Dat betekent wel dat er een kabinet moet komen dat over de eigen kabinetsperiode heen durft te kijken. Echt bouwen dus aan een ambtenarenapparaat met beleidsafdelingen die kunnen werken in de luwte, zonder de waan van de dag.’
Hoe komen we daar? Zou een oplossing kunnen zitten in het vervangen van het huidige kasstelsel van het rijk?
‘Een klein onderdeel van mijn boek bestaat inderdaad uit kritiek op het huidige stelsel van begroten en verantwoorden van het rijk, ook wel bekend als het kasstelsel. Door dit systeem wil je jaarlijks je budget opmaken. Ook als daar geen directe aanleiding toe is. Dat is natuurlijk funest voor langetermijnbeleid.
Alleen in Nederland en in Duitsland kennen we dit systeem.
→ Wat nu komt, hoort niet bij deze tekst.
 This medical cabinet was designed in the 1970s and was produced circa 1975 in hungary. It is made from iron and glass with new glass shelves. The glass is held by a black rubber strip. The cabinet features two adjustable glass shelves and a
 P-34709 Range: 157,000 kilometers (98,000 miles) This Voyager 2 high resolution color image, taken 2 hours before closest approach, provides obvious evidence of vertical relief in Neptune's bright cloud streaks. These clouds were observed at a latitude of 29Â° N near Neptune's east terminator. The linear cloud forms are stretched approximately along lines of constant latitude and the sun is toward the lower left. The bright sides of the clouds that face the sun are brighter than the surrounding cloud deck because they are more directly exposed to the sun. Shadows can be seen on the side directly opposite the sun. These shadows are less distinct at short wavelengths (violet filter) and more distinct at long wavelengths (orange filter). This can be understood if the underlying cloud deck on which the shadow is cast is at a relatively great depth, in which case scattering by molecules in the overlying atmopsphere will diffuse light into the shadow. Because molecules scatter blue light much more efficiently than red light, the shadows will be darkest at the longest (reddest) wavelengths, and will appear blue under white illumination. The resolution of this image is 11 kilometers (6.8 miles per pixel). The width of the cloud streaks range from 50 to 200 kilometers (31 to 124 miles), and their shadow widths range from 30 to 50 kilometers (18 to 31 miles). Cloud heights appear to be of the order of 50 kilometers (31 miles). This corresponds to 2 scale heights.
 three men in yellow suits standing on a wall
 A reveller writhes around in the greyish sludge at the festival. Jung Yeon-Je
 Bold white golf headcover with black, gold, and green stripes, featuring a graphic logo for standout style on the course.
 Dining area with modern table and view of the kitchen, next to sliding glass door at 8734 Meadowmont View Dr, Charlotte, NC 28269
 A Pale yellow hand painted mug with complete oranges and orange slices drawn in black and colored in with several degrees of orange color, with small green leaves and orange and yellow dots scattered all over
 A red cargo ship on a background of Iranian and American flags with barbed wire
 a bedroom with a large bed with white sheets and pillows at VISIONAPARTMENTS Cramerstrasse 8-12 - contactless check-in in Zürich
Terwijl er al jaren en jaren wordt geroepen om over te stappen naar een baten-lasten stelsel, ook voor het rijk. Dat lijkt mij een concreet iets om beet te pakken.’
‘Marga Klompé draait zich om in haar graf als ze ziet wat er allemaal komt kijken bij de Bijstandswet’
Wat wilt u bestuurlijk Nederland meegeven?
‘Stop met haast hebben, en bied vertrouwen.
De problematiek is urgent, maar er kan niet met haast gewerkt worden aan structurele verbeteringen. Neem de tijd voor een structurele analyse van de oorzaak van problemen.
Kijk, ‘bestaanszekerheid’ horen we nu veel terug. Daarover wordt geroepen dat het minimumloon omhoog moet, maar het gaat niet werken. Je creëert er nieuwe problemen door, het is echt ad-hoc beleid. Nieuwe problemen voor bijvoorbeeld de middenstand. Pak als overheid de oorzaken aan: met name de kosten van levensonderhoud. De huren, de kosten van het openbaar vervoer, de zorg, de energievoorziening e.a. - en dat is nogal wat. Maar als je daar visie op hebt, dan kun je langzaamaan gaan veranderen.
Heb daarnaast vertrouwen. In mijn boek citeer ik Jesse Frederik die zegt dat Marga Klompé zich omdraait in haar graf als ze ziet wat er allemaal komt kijken bij de Bijstandswet. Aan welke verplichtingen er allemaal moet worden voldaan. Klompé, grondlegster van de Algemene Bijstandswet, was hier juist faliekant op tegen. Iedereen zou juist met ‘opgeheven hoofd’ om hulp moeten vragen. En niet vast moeten komen zitten in bureaucratie, papieren en een omgeving van wantrouwen. Ja, dat zou ik bestuurlijk Nederland graag meegeven.’
'Ik wil er niets van weten. Hoe visie, tijd en kennis uit Den Haag verdwenen', Josine Teeuw (2023), verscheen bij Uitgeverij Verloren.